> [Problem description]
Return all the entries exactly, keeping pictures out.

*** Input material ***

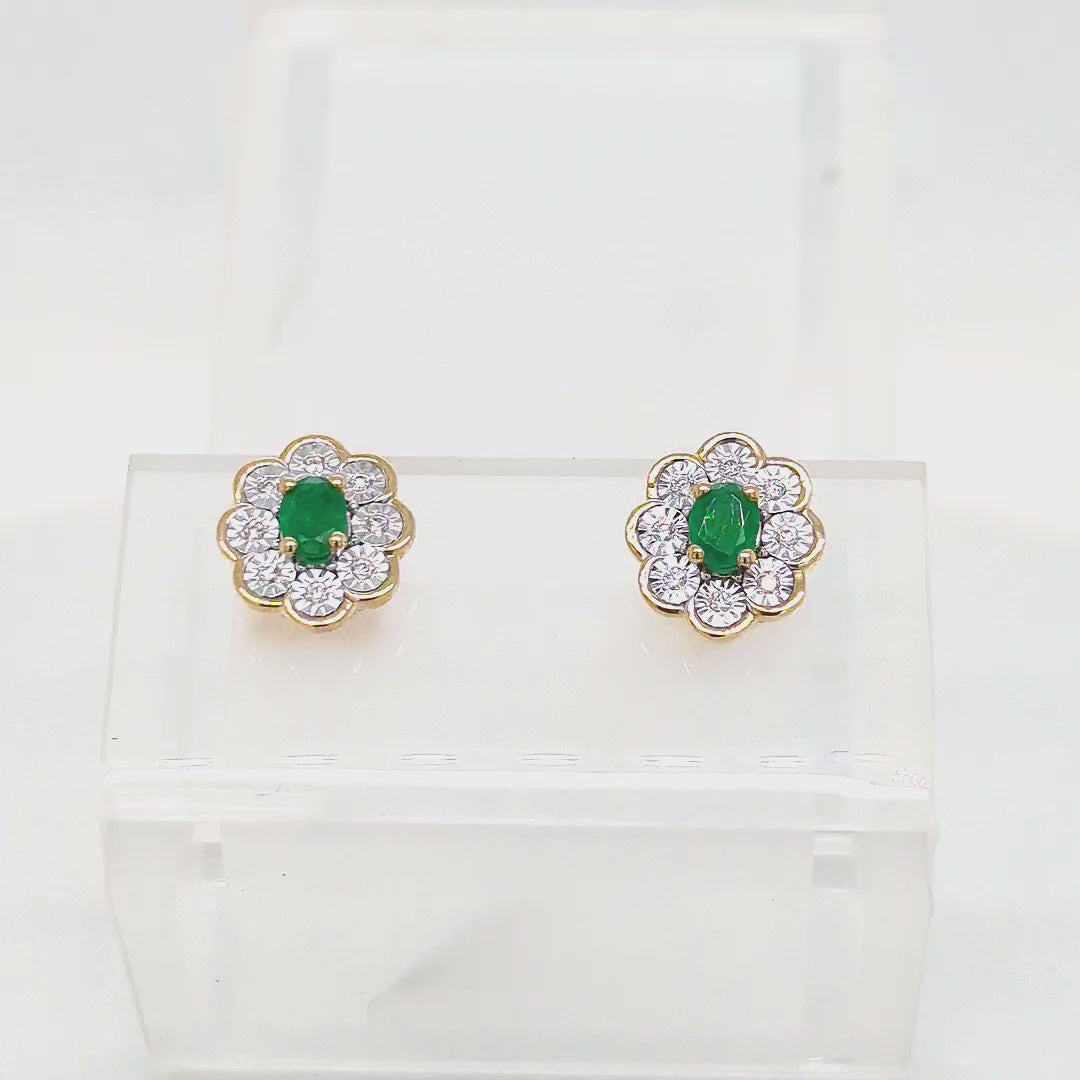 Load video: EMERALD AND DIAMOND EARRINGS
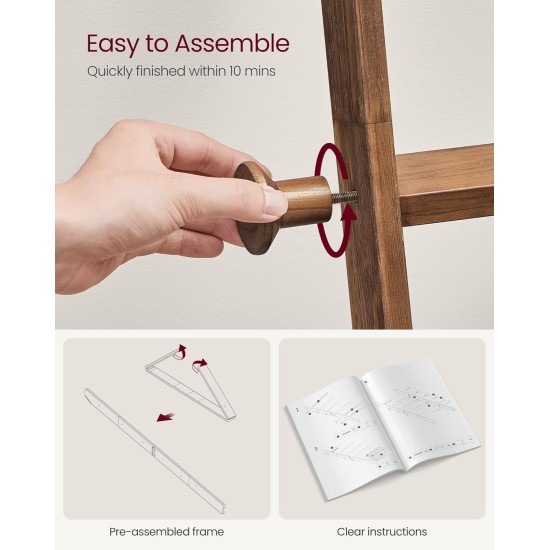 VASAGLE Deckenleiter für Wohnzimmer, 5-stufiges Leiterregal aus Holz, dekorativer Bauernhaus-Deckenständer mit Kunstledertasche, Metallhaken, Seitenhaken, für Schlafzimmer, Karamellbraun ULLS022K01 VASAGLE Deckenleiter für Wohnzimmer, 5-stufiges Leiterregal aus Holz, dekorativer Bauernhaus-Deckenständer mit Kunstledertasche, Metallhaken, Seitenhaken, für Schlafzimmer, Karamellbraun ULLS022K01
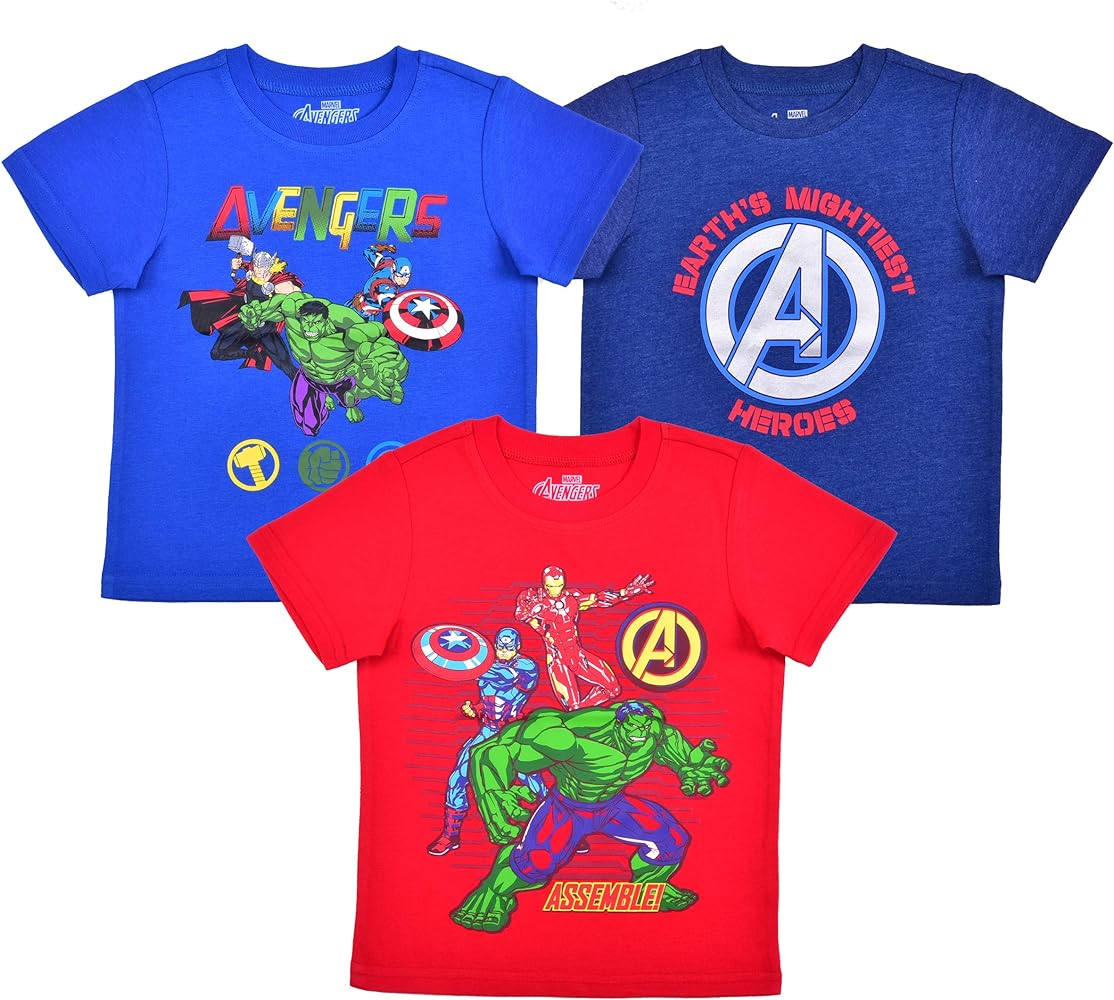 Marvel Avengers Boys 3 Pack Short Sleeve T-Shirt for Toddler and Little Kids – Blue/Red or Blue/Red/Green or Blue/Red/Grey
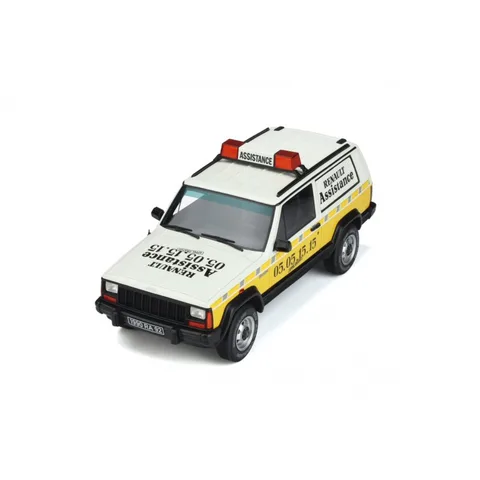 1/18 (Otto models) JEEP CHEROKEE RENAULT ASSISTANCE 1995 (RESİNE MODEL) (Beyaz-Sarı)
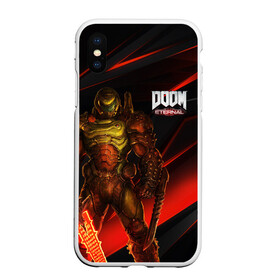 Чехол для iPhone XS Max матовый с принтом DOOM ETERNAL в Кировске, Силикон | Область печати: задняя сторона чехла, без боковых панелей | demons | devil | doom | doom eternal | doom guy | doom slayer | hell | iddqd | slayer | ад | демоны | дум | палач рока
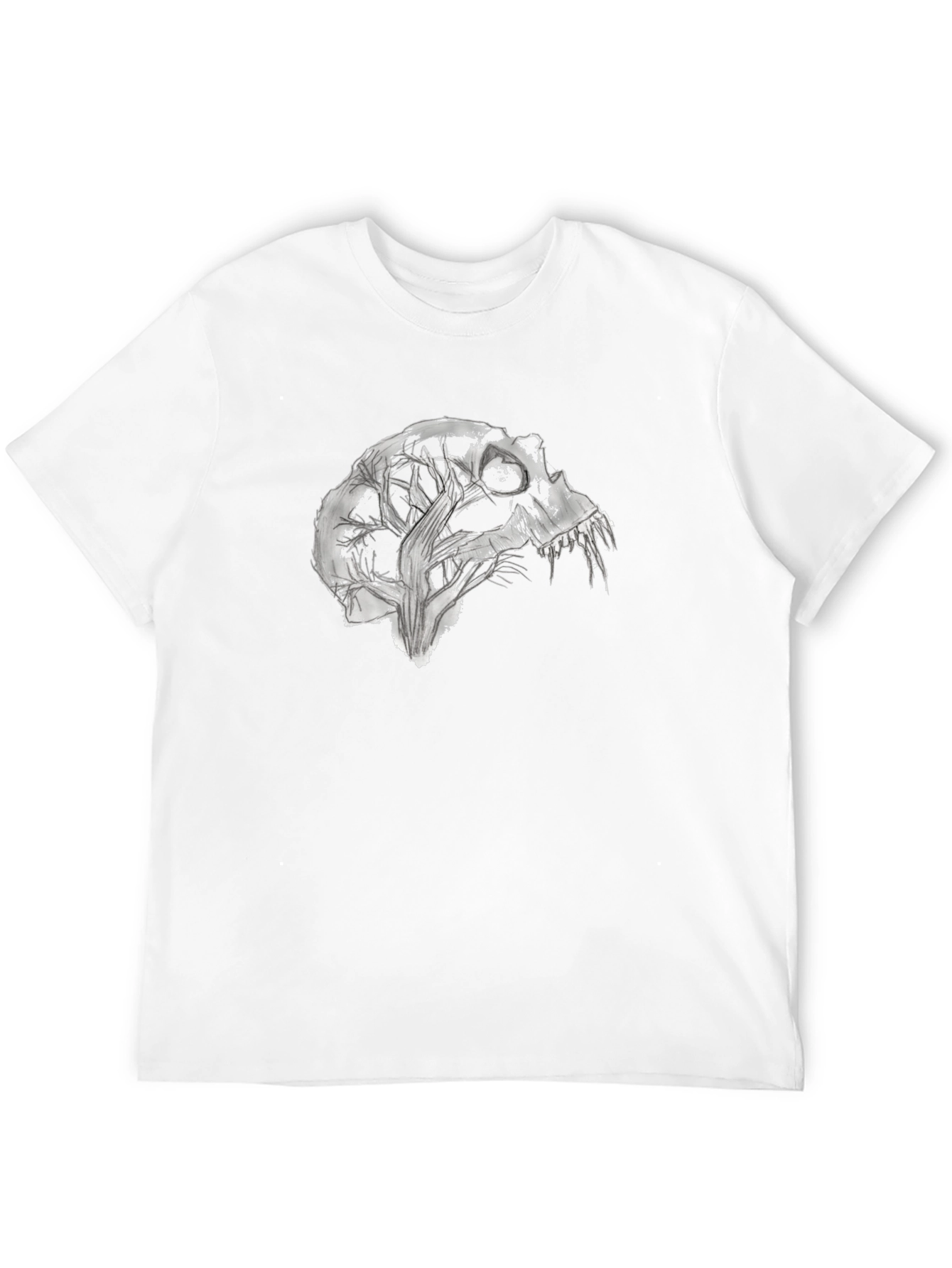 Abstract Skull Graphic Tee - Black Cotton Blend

*** End of Input material ***

> [Your response]
 Load video: EMERALD AND DIAMOND EARRINGS
 VASAGLE Deckenleiter für Wohnzimmer, 5-stufiges Leiterregal aus Holz, dekorativer Bauernhaus-Deckenständer mit Kunstledertasche, Metallhaken, Seitenhaken, für Schlafzimmer, Karamellbraun ULLS022K01 VASAGLE Deckenleiter für Wohnzimmer, 5-stufiges Leiterregal aus Holz, dekorativer Bauernhaus-Deckenständer mit Kunstledertasche, Metallhaken, Seitenhaken, für Schlafzimmer, Karamellbraun ULLS022K01
 Marvel Avengers Boys 3 Pack Short Sleeve T-Shirt for Toddler and Little Kids – Blue/Red or Blue/Red/Green or Blue/Red/Grey
 1/18 (Otto models) JEEP CHEROKEE RENAULT ASSISTANCE 1995 (RESİNE MODEL) (Beyaz-Sarı)
 Чехол для iPhone XS Max матовый с принтом DOOM ETERNAL в Кировске, Силикон | Область печати: задняя сторона чехла, без боковых панелей | demons | devil | doom | doom eternal | doom guy | doom slayer | hell | iddqd | slayer | ад | демоны | дум | палач рока
 Abstract Skull Graphic Tee - Black Cotton Blend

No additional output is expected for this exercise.